Alguien me dijo que hay que sentirse feliz con la edad que se alcanza porque cada una de las fases de la vida tiene su propio encanto. Y probablemente una de los que tiene la edad a la que he llegado es que la suma de los días y las noches nos empieza a otorgar una sabiduría que es imposible tener en la juventud. He aprendido a ver belleza en mujeres con surcos del tiempo en la comisura de sus ojos. A ver en la distancia y melancolía a otras con las que me crucé en la calle 35 años tarde. Que la decencia es algo autónomo de la política y la ideología. Que se puede aprender algo de todos los demás y que las enseñanzas pueden provenir de personas cuyo pensamiento es diametralmente opuesto al nuestro. A Armando de la Torre, diametralmente opuesto en sus creencias a las mías, le escuché algo que no olvidaré nunca: que la vejez puede ser vivida como “juventud prolongada”. De Alfredo Guerra Borges aprendí que uno puede tener 80 años “y sentirse como de 60”. Y alguien me dijo que más que lamentar que el tiempo se nos empieza a acabar, hay que celebrar la oportunidad de llegar a una edad a la que millones de personas nunca llegan.
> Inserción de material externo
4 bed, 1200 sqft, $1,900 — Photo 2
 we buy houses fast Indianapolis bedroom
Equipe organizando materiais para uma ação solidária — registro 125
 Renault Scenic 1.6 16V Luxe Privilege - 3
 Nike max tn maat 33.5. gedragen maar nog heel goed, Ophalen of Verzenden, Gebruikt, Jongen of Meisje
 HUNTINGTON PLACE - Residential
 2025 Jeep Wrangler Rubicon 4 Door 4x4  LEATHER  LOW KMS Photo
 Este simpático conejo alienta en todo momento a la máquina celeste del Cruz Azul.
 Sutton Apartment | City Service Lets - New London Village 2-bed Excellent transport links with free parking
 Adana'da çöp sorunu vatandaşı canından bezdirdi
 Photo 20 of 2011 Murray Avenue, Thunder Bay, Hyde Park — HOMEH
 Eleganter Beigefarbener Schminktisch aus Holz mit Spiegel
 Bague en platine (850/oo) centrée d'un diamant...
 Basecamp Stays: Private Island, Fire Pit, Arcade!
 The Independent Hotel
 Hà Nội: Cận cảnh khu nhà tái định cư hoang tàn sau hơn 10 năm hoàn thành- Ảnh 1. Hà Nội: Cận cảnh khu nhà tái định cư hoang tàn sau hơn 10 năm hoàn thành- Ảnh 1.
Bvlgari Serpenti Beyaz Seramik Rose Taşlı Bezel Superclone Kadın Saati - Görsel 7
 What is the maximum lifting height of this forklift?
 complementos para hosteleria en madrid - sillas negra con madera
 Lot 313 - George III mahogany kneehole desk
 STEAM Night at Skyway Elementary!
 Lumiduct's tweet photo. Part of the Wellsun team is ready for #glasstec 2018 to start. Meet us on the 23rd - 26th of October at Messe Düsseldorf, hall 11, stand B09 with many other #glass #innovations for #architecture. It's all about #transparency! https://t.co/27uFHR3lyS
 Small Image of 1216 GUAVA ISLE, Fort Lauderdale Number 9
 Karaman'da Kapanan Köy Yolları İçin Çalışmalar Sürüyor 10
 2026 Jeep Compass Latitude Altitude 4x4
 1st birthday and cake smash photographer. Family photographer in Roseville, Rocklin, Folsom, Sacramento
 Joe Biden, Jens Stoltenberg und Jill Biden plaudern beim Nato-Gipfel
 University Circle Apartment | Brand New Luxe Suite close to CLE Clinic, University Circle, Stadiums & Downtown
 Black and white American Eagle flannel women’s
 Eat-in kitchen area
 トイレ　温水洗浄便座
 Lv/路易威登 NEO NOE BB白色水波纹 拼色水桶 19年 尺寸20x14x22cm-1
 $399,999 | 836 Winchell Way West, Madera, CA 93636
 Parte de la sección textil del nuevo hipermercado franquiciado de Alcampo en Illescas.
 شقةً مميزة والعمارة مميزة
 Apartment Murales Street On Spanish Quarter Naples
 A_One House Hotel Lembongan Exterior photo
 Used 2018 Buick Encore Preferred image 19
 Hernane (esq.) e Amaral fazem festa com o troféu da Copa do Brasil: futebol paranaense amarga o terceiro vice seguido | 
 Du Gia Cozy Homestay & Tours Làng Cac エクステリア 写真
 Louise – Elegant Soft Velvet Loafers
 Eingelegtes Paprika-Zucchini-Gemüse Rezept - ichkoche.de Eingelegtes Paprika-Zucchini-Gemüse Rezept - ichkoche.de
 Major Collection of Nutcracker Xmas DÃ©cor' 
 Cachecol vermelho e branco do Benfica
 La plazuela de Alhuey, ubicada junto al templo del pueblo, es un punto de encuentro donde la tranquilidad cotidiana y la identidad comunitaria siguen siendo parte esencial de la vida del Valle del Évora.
La imagen de Oliverio Castañeda, asesinado a los 22 años, se me vino encima. La de muchos amigos y amigas, compañeros y compañeras de mi generación, a los cuales el terror estatal les impidió llegar a los 30 años. Y mis propios padres, arrancados de la vida cuando todavía vivían su plenitud.
Al empezar a tener en mis ojos el crepúsculo en el horizonte, he aprendido que es vano el apetito de trascendencia que se manifiesta en el egocentrismo y la búsqueda personal del poder. En cien años todos estaremos muertos, dijo alguna vez Keynes. Y a diferencia de él, en mucho menos que cien años la inmensa mayoría de nosotros estaremos olvidados. He aprendido también que la vida del ser humano es demasiado breve para el tamaño de sus sueños. Que los tiempos de la historia y sus cambios, son muchísimo más largos que los años que sumamos en nuestras vidas.
Y esa certeza que provoca serenidad, desgraciadamente convive con la percepción de que el tiempo se le está acabando a la humanidad, si la parte que la dirige y domina persiste en mantener al mundo tal como hoy lo vivimos.
Ojalá la humanidad nos sobreviva mucho tiempo más.